This possibility got us thinking here at Errant Balls, about the fact that a shameful era is almost an inevitability in modern sports. With the amount of money and fame out there for the taking, eventually someone is going to go to extraordinary and possibly unethical lengths to be a part of this world. And thanks to this, we're likely to run into a forgettable time for most every sport at some point.
So just to prepare you, we will now take a look into the future, at some of the eventual eras of shame for the sports world at large...
NBA- The Flubber Epidemic

While baffled scholars and sports minds alike scramble to figure out the cause of these seemingly miraculous talents, players like Rory McMillin and Jimmy Levinstein will replace LeBron James and Kobe Bryant as the faces of the league.
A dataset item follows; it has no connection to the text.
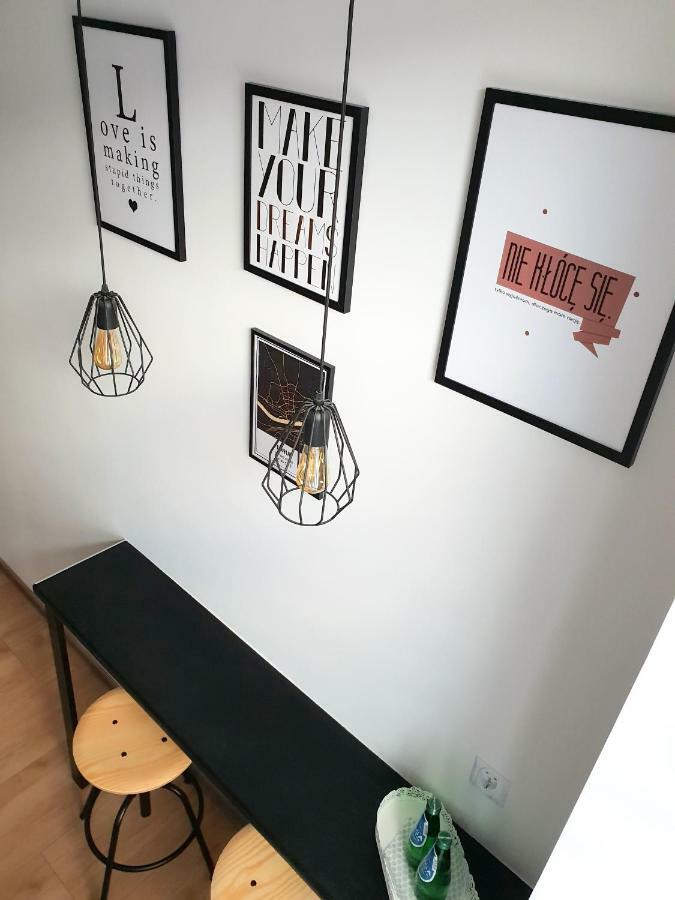 Apartament Skandia Торунь Екстер'єр фото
NFL- The "I guess we should acknowledge the steroid era," era

Though Merriman had been punished for banned substances while in the league, he will point out that overall use ran rampant, and that the NFL turned a blind eye and allowed it to continue. By enabling them to habitually use substances that hadn't been tested over long periods of time, the retirees blame the NFL for the tragic and debilitating side affects like Ray Lewis' hairless tail, Joey Porter's ever expanding plethora of nipples, Kellen Winslow's forehead ear, and Terrell Owen's leaky tear ducts (although that last one may not be completely attributed to steroids).
MLB- The NyQuil Project

After releasing the other 103 names from the positive steroid tests in '04, Selig will invoke "The NyQuil Rule." Stating simply that, if you are one of the players named on the list, you must participate in every single game of the '09 season, and must take twice the recommended dose of NyQuil 5 minutes prior to taking the field.
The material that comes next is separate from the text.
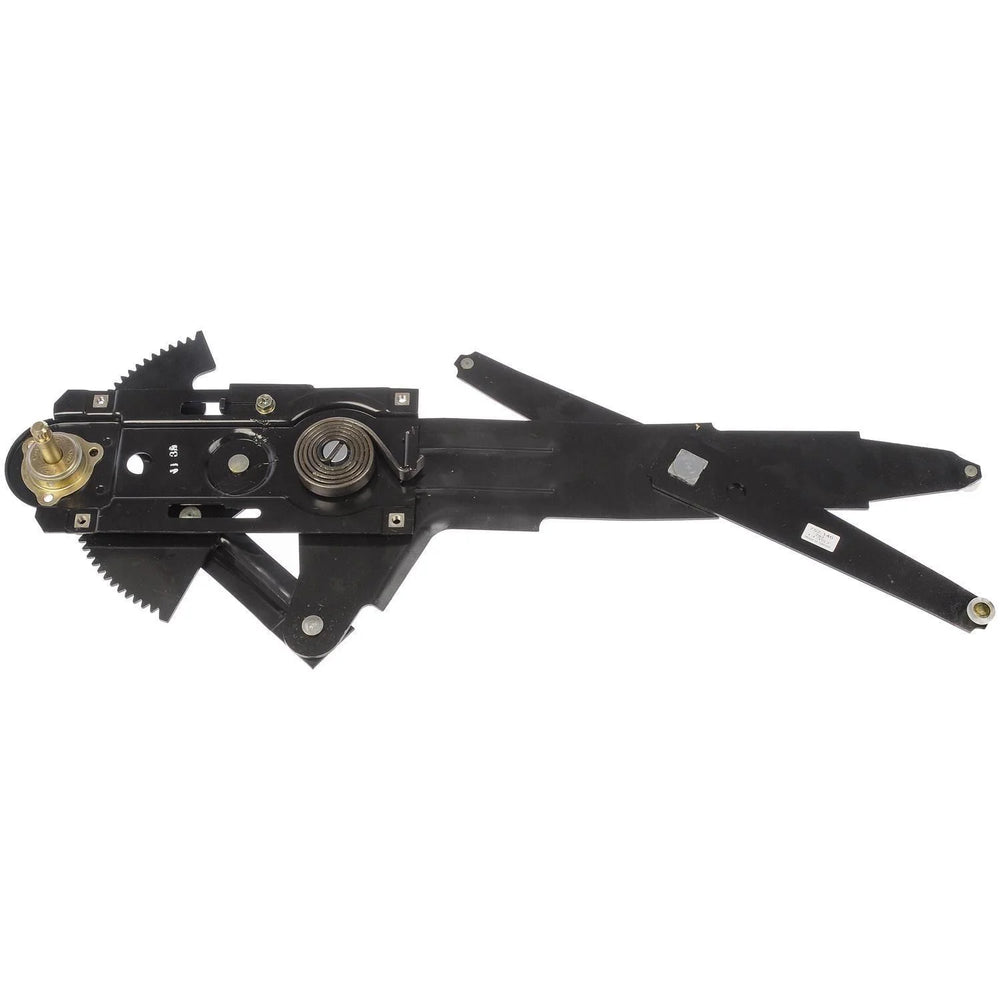 WINDOW REGULATOR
The initial intrigue will cause a spike in television ratings, but the subsequent string of horrific injuries and nationally broadcast blood loss will eventually lead to Selig's Nixon-like, forced resignation.
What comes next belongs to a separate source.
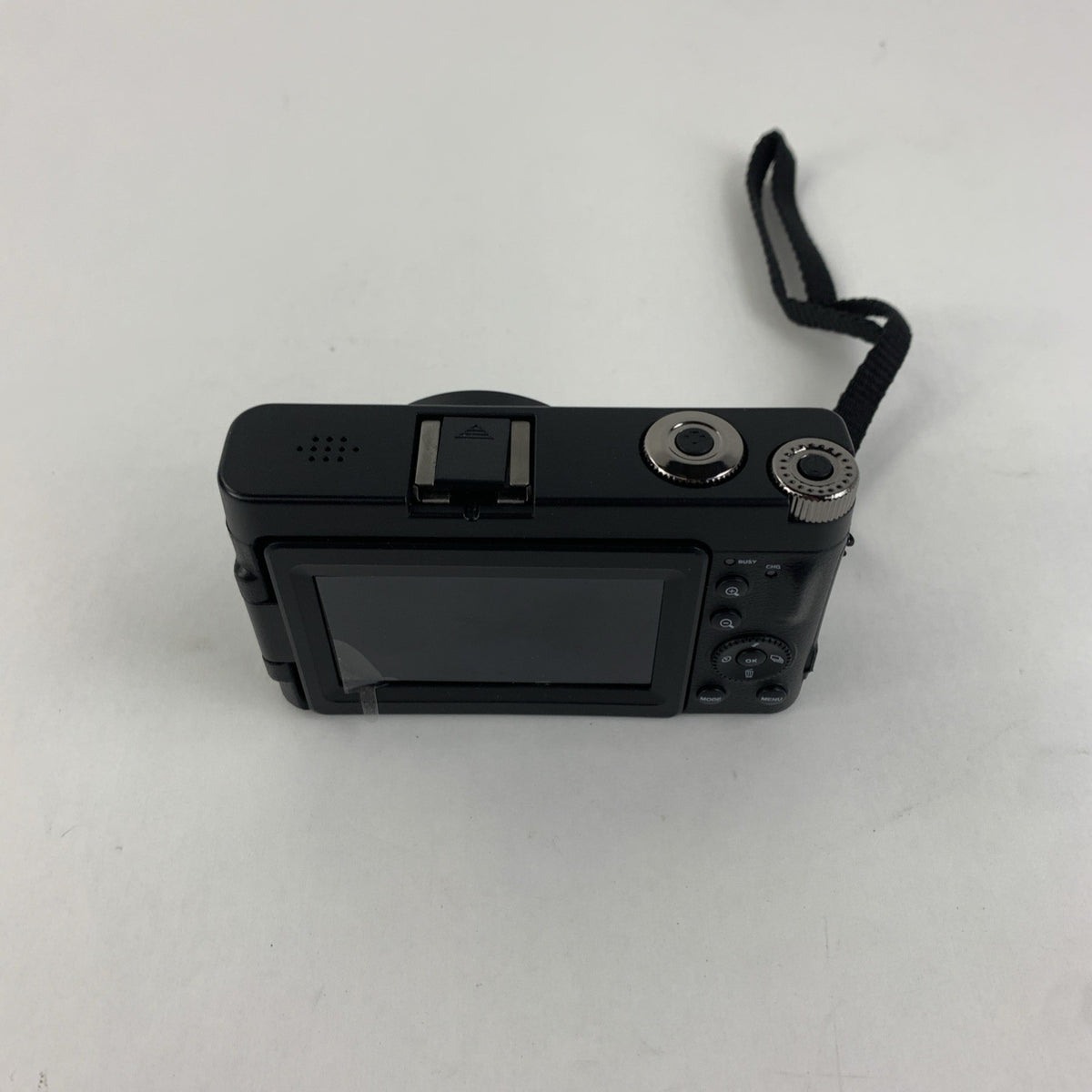 CMOS DC101L Camera Digital Zoom - No SD Card - No Battery - Tested6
NHL- Don't forget to remember us!

Now relegated to the Bravo Channel, NHL games will feature an assortment of fancy gimmicks to keep the fans entertained:
- The return of the always popular and completely necessary glowing puck
- Each team is allowed 7 skaters on the ice at a time, one wielding a concealed blade
- Goalies can no longer wear cups, and a shot to the beans is worth 2 goals
- Player fights will be banned, but if at any point two players disagree, their respective coaches must come onto the ice and bare-knuckle box one another
The attempts to save the league will fail miserably, and the final Stanley Cup ceremony will feature the live, mid-ice sacrifice of Gary Bettman, followed by the ceremonial drinking of his blood from the cup.